To gain more insights into the role of Sh3Pxd2b, we performed bulk RNA sequencing transcriptomic analysis on whole-mount skulls from pN15 mice. In principal component analysis, samples from WT and mutant mice clustered distinctly, with more dispersion in the WT group (Fig. 6A). The volcano plot in Fig. 6B demonstrates a greater number of significantly upregulated than downregulated genes in the mutant group compared to the WT group. An adjusted P-value cut-off of 0.05 and a FC cut-off of ±1 was chosen.
Ribosome biogenesis is impaired. (A) Principal component analysis with 80% variance in PC1 and 5% variance in PC2, demonstrating clear differences between the WT and mutant mice samples. (B) Volcano plot showing log2(FC) versus −log10(P-value) with an FC cut-off of ±1 and P-value cut-off of 0.05. We observed greater number of significantly upregulated than downregulated genes in the mutant group compared to the WT group. Circle and arrow mark genes of interest. (C) Gene set enrichment analysis using KEGG pathway database 2019 of differentially expressed genes between WT and Sh3Pxd2bnee−/− mice showing enrichment of ribosome and ribosome biogenesis pathways. (D) Table depicting the 50 most differentially expressed genes downregulated in the mutant mouse gene sets, revealing downregulation of SNORD genes and nuclear-encoded ribosomal RNA 5S (e.g. n-R5s128) in skulls of Sh3Pxd2bnee−/− mice. n=3 per group in RNA bulk sequencing. (E) Overlaid electropherograms from Agilent Bioanalyzer small RNA assay showing reduced small RNA concentration and microRNA proportion in Sh3Pxd2bnee−/− skulls at pN15. (F) Network analysis of downregulated genes involved in ribosome biogenesis grouped by molecular function.

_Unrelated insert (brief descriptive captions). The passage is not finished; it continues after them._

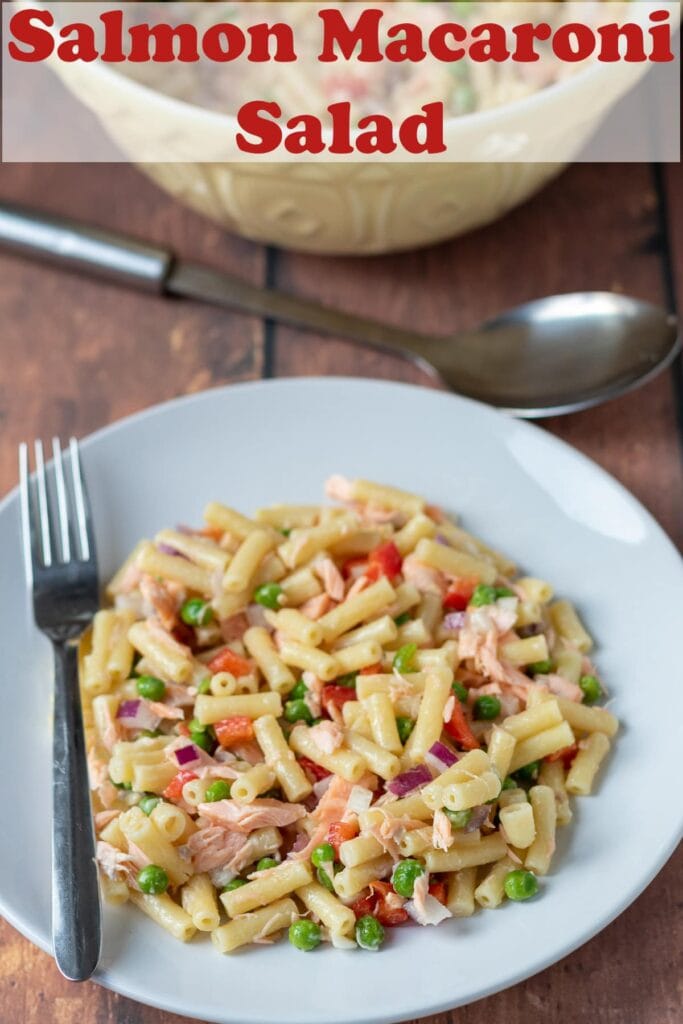 A plate of salmon macaroni salad with a fork to the left side. Serving spoon above plate. Pin title text overlay at top.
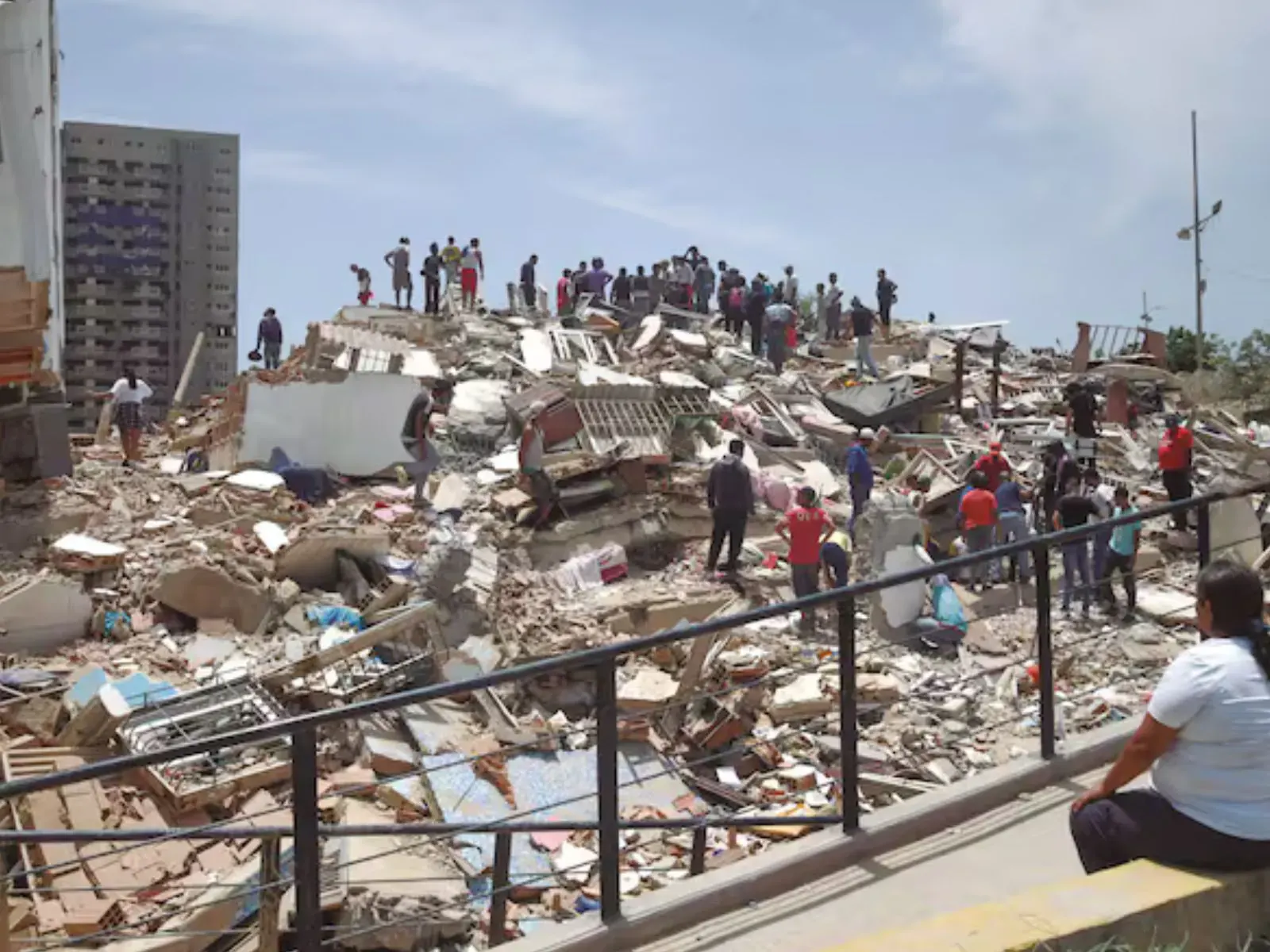 Damnificados en La Guaira buscando agua potable y recibiendo ayuda tras los efectos de un terremoto.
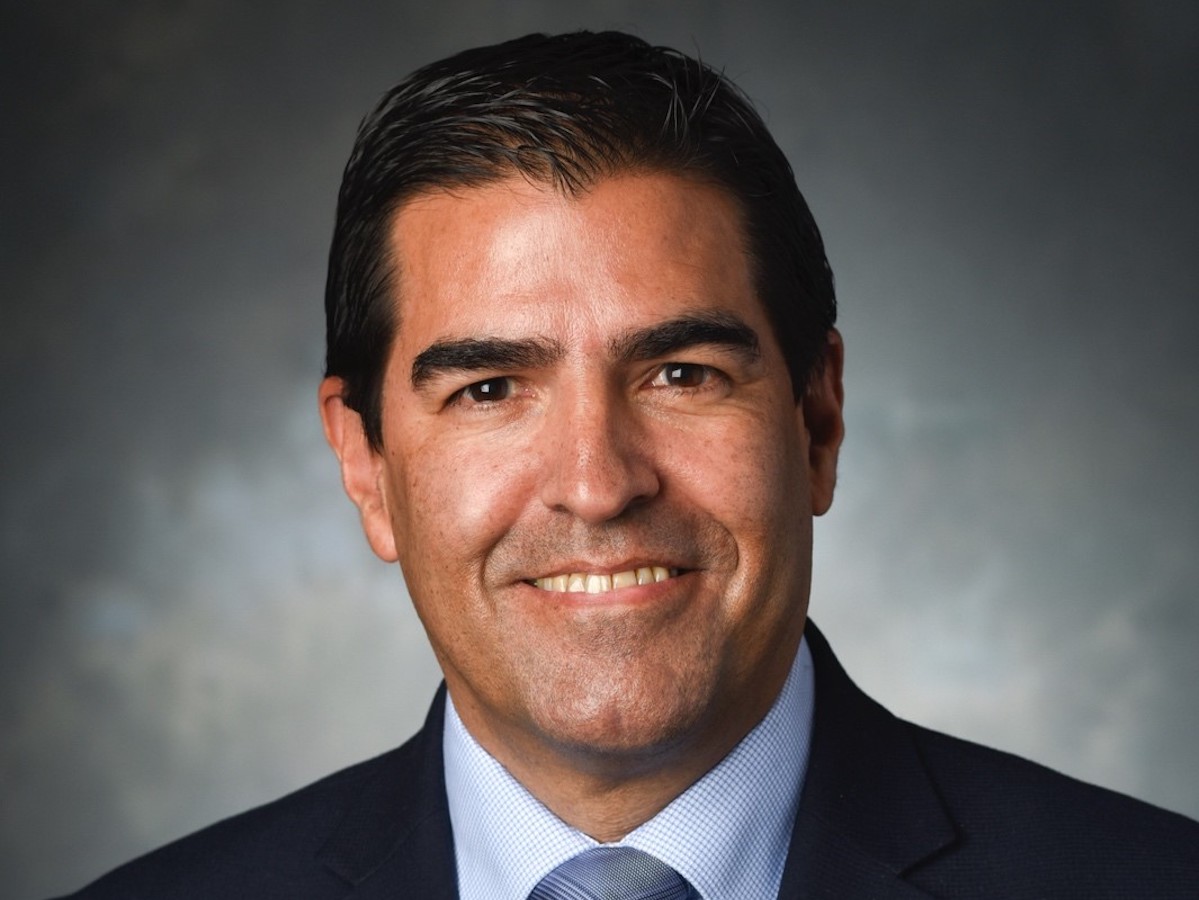 Headshot photo of Jean Paul Allain wearing a suit and tie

Gene set enrichment analysis revealed enrichment of ribosome and ribosome biogenesis pathways among all genes downregulated in mutant mice (Fig. 6C, Table S1). Among the top 50 downregulated genes in mutant skulls were C/D box small nucleolar RNA (SNORD) genes and nuclear-encoded ribosomal RNA (rRNA) 5S, a component of the large ribosome 60S subunit (Fig. 6B,D).
Agilent Bioanalyzer analysis of RNA extracted from skull tissue revealed a generally lower concentration of small RNAs (757.6±411.1 pg/µl versus 3293.1±2106.1 pg/µl; mean±s.d.) and reduced proportion of microRNA (5.7±2.1% versus 18.2±6.8%) in Sh3Pxd2b^nee−/−^ mice compared to WT (Fig. 6E, Table S2).
A detailed network analysis of downregulated genes involved in ribosome biogenesis is illustrated in Fig. 6F. Genes are grouped according to their molecular function. The main gene hubs include genes involved in ribosomal large (e.g. RPL genes) and small (e.g. RPS genes) subunit biogenesis, ribosome assembly (e.g. Eif2a) and ribosome biogenesis.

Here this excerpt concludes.